拡大して、行政区域単位の行程を示します。
(日本→モスクワ乗り換え→)クリミア共和国→セヴァストポリ特別市→クリミア共和国→クラスノダール地方→アディゲ共和国→カラチャイ・チェルケス共和国→スタヴロポリ地方→カバルダ・バルカル共和国→北オセチア・アラニヤ共和国→イングーシ共和国→チェチェン共和国→ダゲスタン共和国→カルムイク共和国→ヴォルゴグラード州(→モスクワ乗り換え→日本)。

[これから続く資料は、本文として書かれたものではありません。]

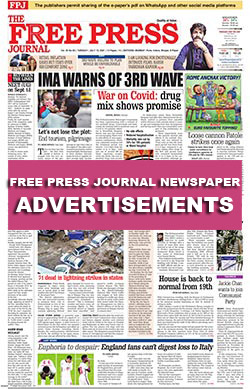Free Press Journal Newspaper Epaper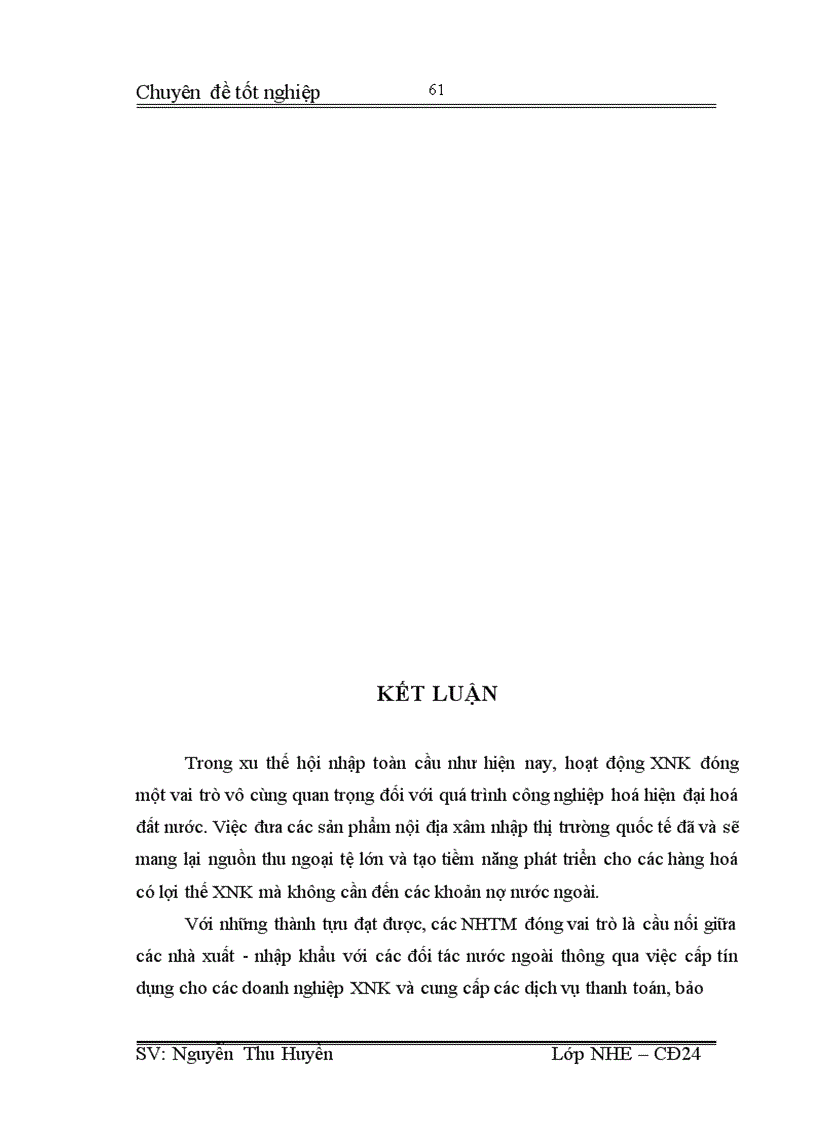 image for page Giải pháp mở rộng hoạt động tín dụng tài trợ xuất nhập khẩu tại Vietcombank chi nhánh Ba Đình 1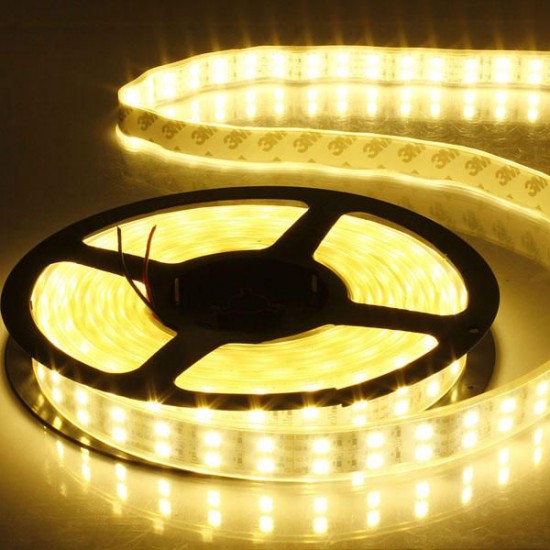 5M Double Row SMD 5050 600Leds LED Strip Light Waterproof 12V 5M Double Row SMD 5050 600Leds LED Strip Light Waterproof 12V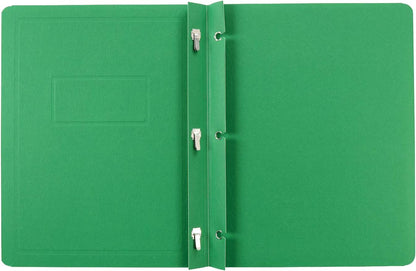 Oxford® Panel & Border Report Cover, Letter Size, Green (52503)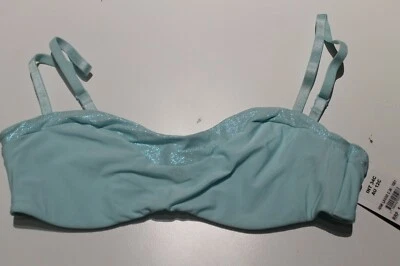 NUEVO SUJETADOR CON AROS PASSIONATA AZUL BANDEAU TALLA 10C,10D,12C,12D PRECIO DE VENTA SUGERIDO POR EL FABRICANTE 49,95 $ Foto 1 de 2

こうして今回の旅は北コーカサスのインナー共和国群を全制覇しています。更に、2014年以降クリミア紛争が起こっているクリミア共和国と、ヨーロッパ唯一の仏教国カルムイク共和国を含めたルートです(※)。
※なお、クリミア、セヴァストポリ、カルムイク、ヴォルゴグラードは北コーカサスには含まれません。
都市を示した行程です。
(自宅→成田→モスクワ→)シンフェロポリ→バフチサライ→セヴァストポリ→シンフェロポリ→ヤルタ→シンフェロポリ→ケルチ→アナパ→クラスノダール→マイコープ→チェルケスク→キスロヴォツク→ピャチゴルスク→ナリチク→ウラジカフカス→ダルガフス(周遊ツアー)→ウラジカフカス→ナズラン→マガス→ナズラン→グロズヌイ→マハチカラ→デルベント→エリスタ→ボルゴグラード(→モスクワ→成田→自宅)。
知っている地名があまりなく、如何に北コーカサスが日本人にとって見知らぬ存在であるかを実感します。
それでは、北コーカサスの料理の旅の視点から総括してみます。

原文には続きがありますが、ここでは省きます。